Стайлз выпивает его залпом, потому что если только это не яд, то хуже этот день стать уже не может, а потом садится и осматривается по сторонам.
— Мы что, серьёзно едем в карете? — удивляется он. — Запряжённой лошадьми? — Самих лошадей не видно, но зато слышится стук копыт по земле, так что это вполне логичный вывод. — Это уже «Золушка» какая-то.
Кира вымученно улыбается.
— Королева выделила для тебя свой любимый паланкин, — объясняет она. — И нас несут кентавры, не лошади. Не может же она доставить тебя к алтарю верхом на осле, а то будет казаться, что она не воспринимает ситуацию с должной серьёзностью.
— А разве это не так? — замечает Стайлз. — Она решила расплатиться мной, только потому что ей на меня плевать. Похоже, что для неё это всё — одна грандиозная шутка.
— Так и есть, — вздыхает Кира, — и эту шутку Королева хочет довести до конца. — Она откидывается на сидение. — Мы почти приехали. Ты… готов?
Стайлз бросает на неё быстрый взгляд и отводит глаза.

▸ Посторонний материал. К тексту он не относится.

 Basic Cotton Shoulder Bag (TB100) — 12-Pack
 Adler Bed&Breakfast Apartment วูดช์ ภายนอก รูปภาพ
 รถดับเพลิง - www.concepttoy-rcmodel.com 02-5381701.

— Ну, — язвит он в ответ, потому что сарказм ещё ни разу его не подводил, — никто не предупредил меня, что речь идёт о браке, так что могу и передумать.
— А разве бы это что-то поменяло?
Ради папы? Конечно нет. Стайлз прикрывает глаза и спрашивает:
— Кстати, а за кого именно… Она сказала «животные». Неужто высокомерные принцы-говнюки, проклятые на жизнь в обличии козлов до тех пор, пока не научатся любить или не упадёт последний лепесток?

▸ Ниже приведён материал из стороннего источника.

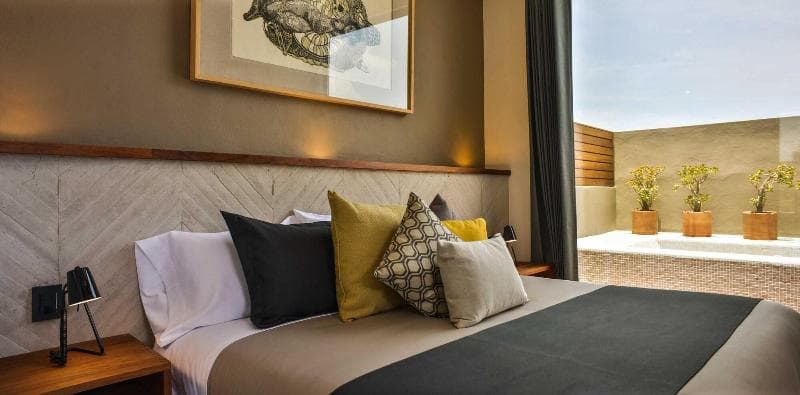 Hotel Criol 4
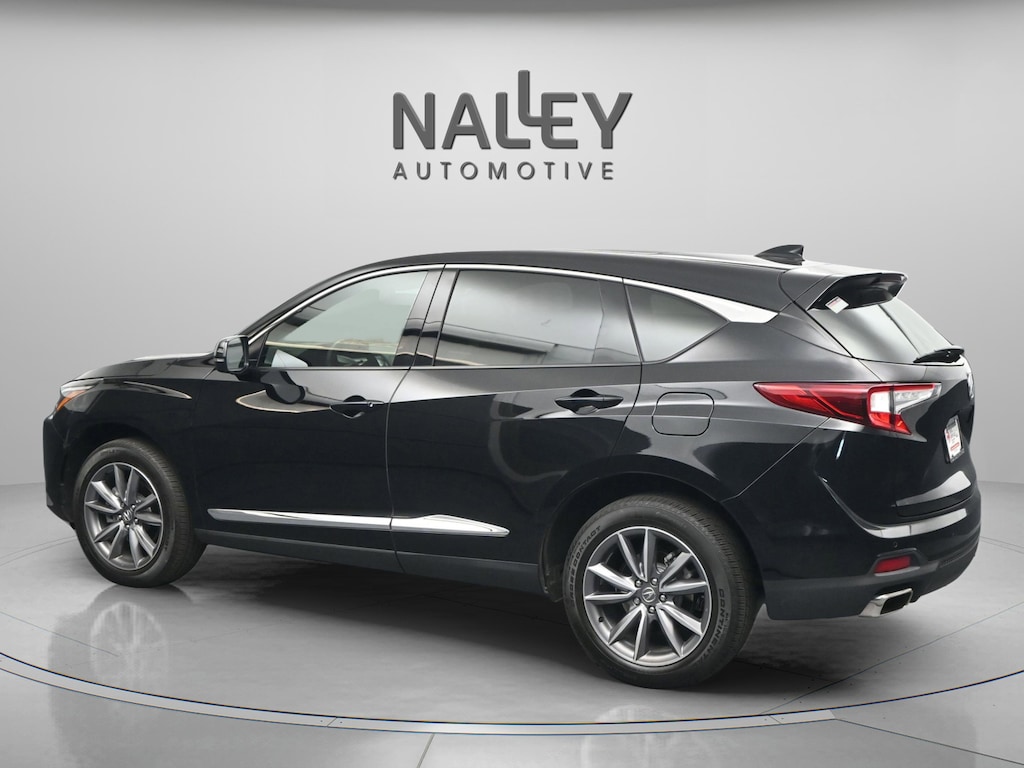 Used 2024 Acura RDX w/Technology Package SUV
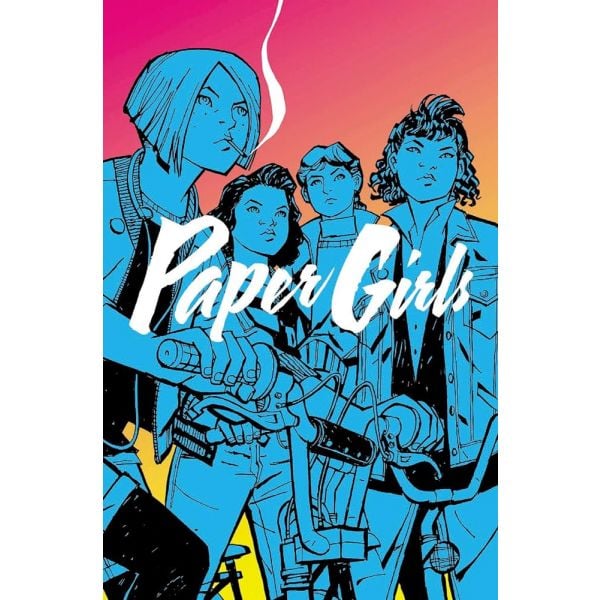 PAPER GIRLS. 1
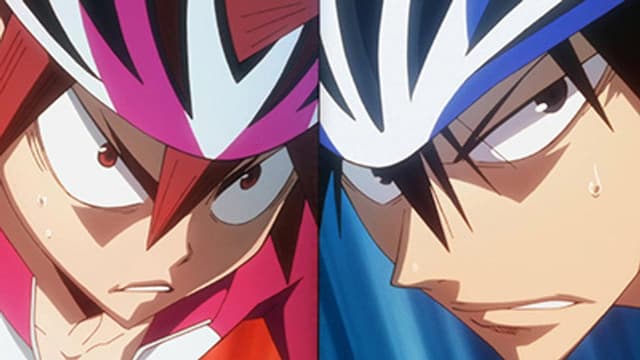 Yowamushi Pedal 13. Bölüm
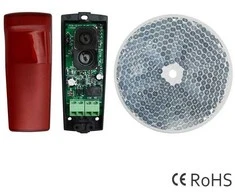 Digitalas DI-IR611 Fotoelementai su atšvaitu (infraraudonųjų spindulių jutiklis). komplektas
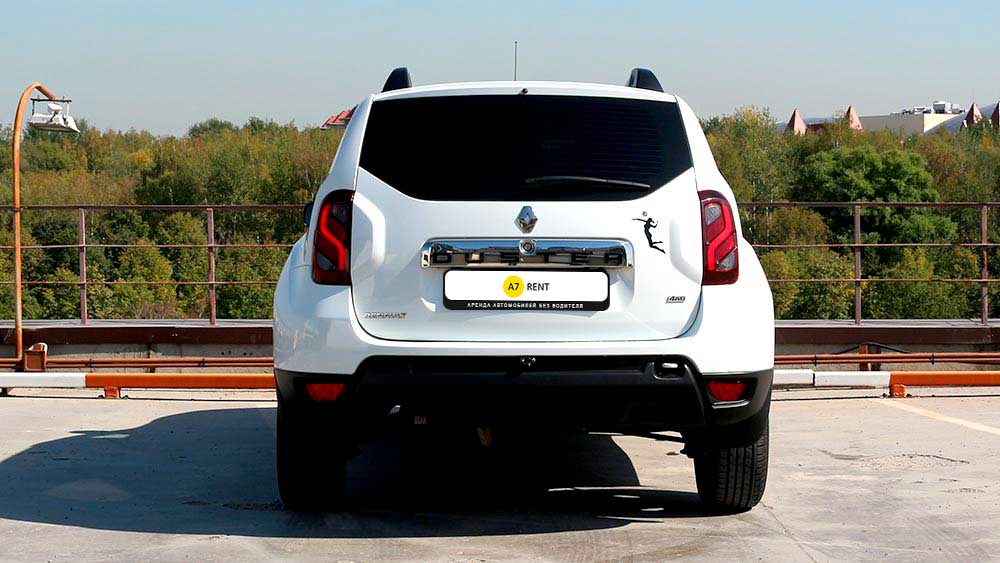 Renault Duster 285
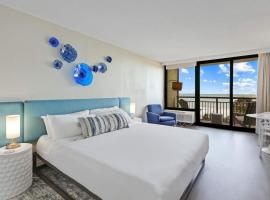 Casa Palmera By Casanita - Small-Dog Friendly Suite, casa rústica em Myrtle Beach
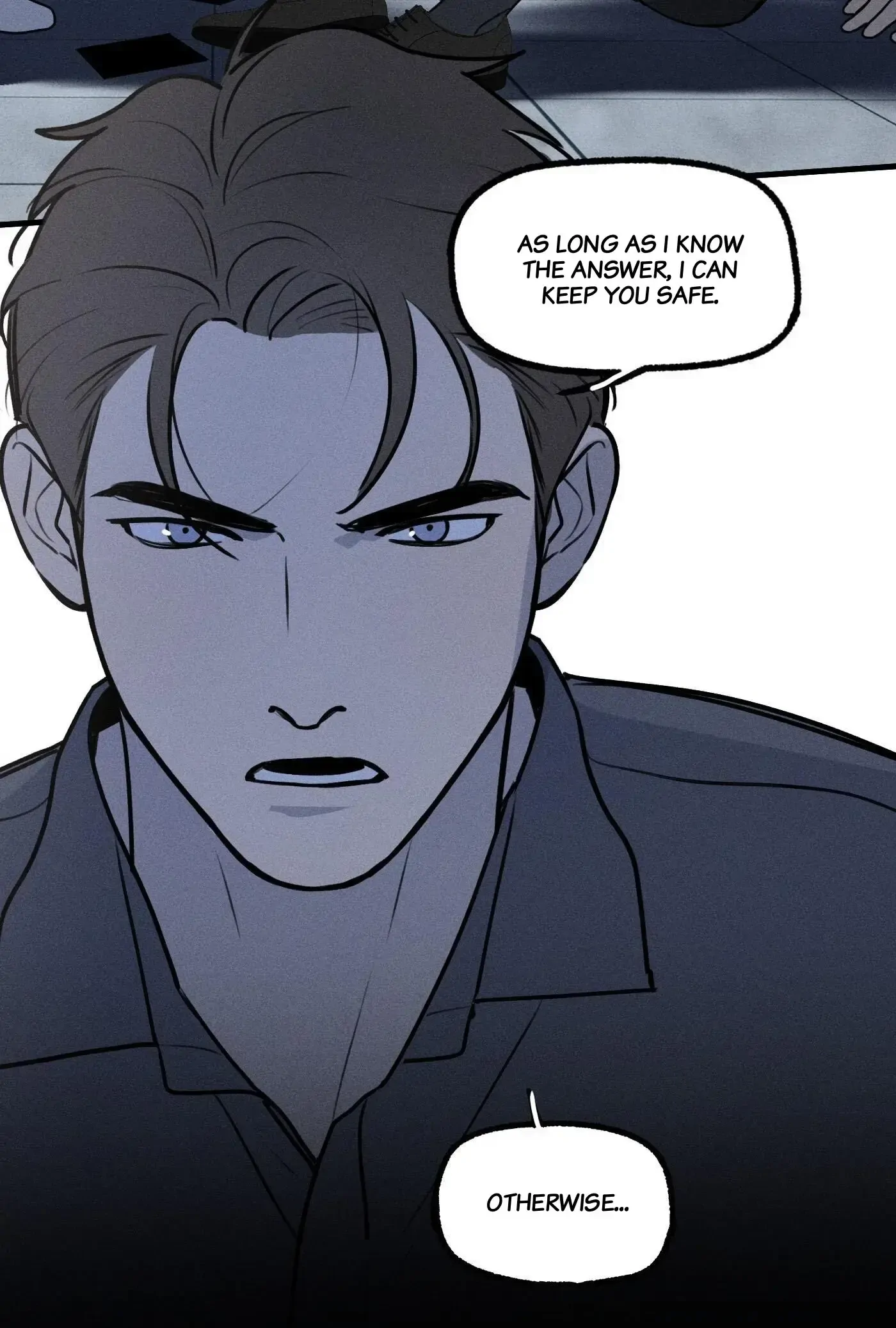 God’s Identity Card - Chapter 27 Page 49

В ответ Кира смотрит на него так, как будто именно он тут сумасшедший.
— Оборотни, — объясняет она. — Понятное дело. Эльфийское королевство постоянно… скажем так, посягает на чужие земли, а стая Хейлов просто так за свои границы никого не пускает. Так что в отместку они начали охотиться на любимцев Королевы и довели её до белого каления. Война продолжалась несколько столетий, но потом ей это наскучило, и она заключила перемирие, скреплённое согласно обычаям. То есть браком, слиянием кровей. Потому что для эльфов нет ничего важнее крови.
Стайлз фыркает себе под нос, заставляя её виновато вздрогнуть.

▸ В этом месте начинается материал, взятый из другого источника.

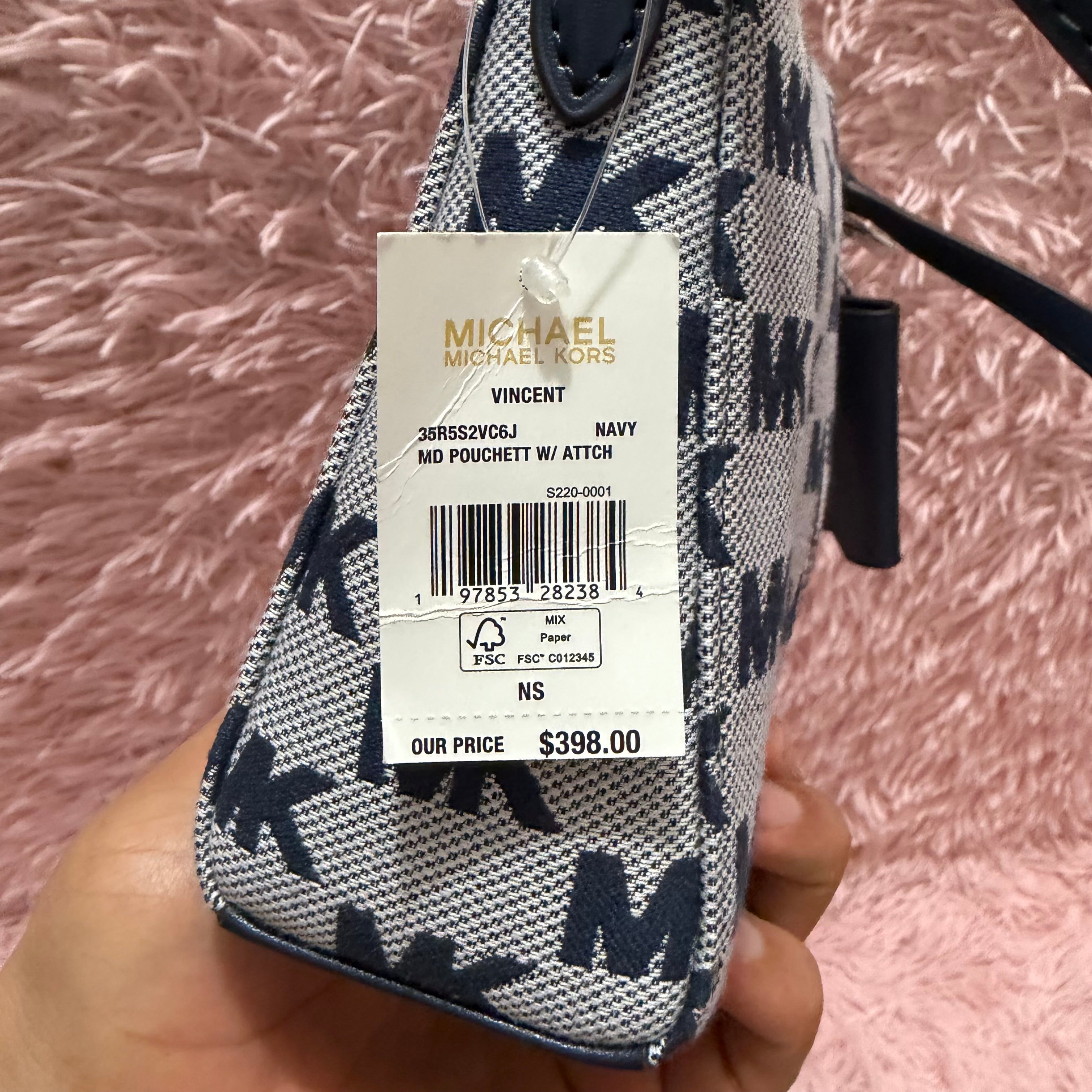Michael Kors Bolsita Vicent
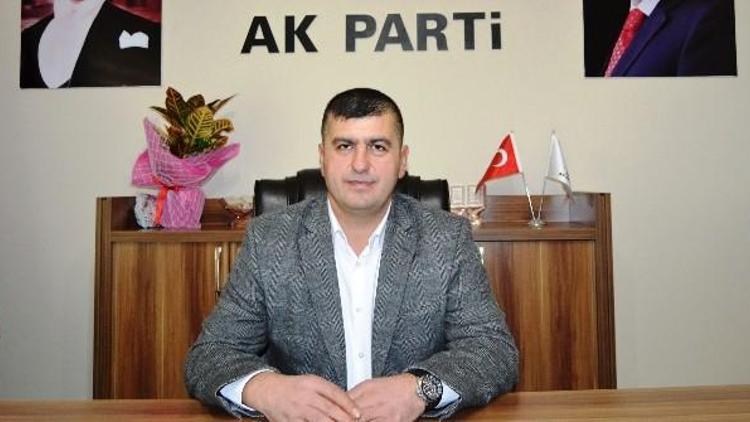 Yavuz’dan, İbrahim Şen’e Teşekkür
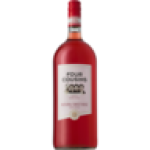 Cousins Natural Sweet Ros Wine Bottle 1.5L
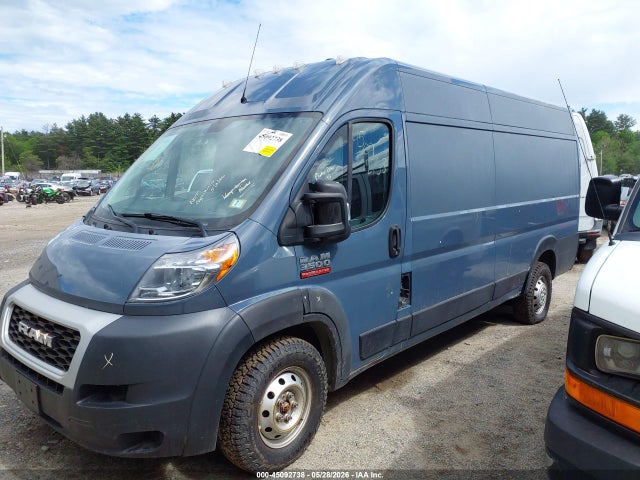Ram Promaster Cargo Van High Roof 159 Wb Ext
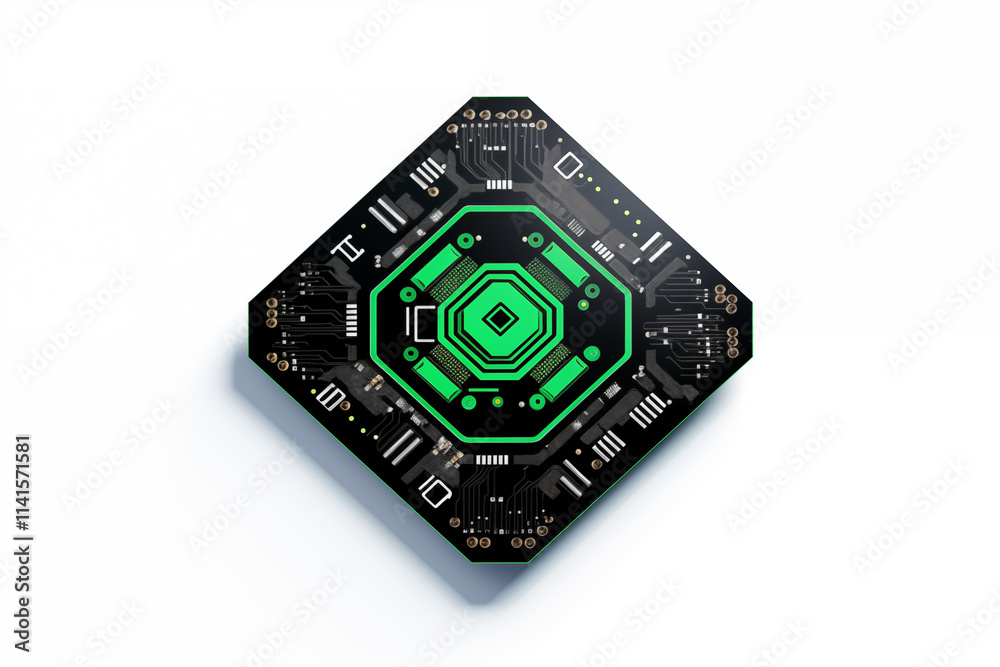digital circuit chip digital circuit chip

— Ну и кто из волков достанется мне… — он проглатывает рвущийся наружу истерический смешок, — в супруги?
Все эти эльфы, китцуне, кентавры, оборотни, а ему сложно смириться именно с мыслью о браке?
— Не знаю, — отвечает Кира, — но я останусь с тобой и… помогу подготовиться. Прослежу, чтобы церемония прошла как обговорено, а потом доложу Королеве. Поэтому делай всё так, как я тебе говорю, и твоему папе ничего больше не будет угрожать. — Она вздыхает. — Кстати, прости насчёт этого… Я ничего не могла поделать. Он бродил по лесу вслепую и звал тебя, пока Королева не устала от шума и не забрала его.
Эта тема пока причиняет ещё слишком много боли, поэтому Стайлз погружается в угрюмое молчание. Несколько минут спустя паланкин — или что бы это ни было — останавливается и аккуратно опускается на землю. Стоит двери только открыться, как Стайлз вываливается наружу вперёд Киры, горя желанием как можно скорее встать ногами на твёрдую землю.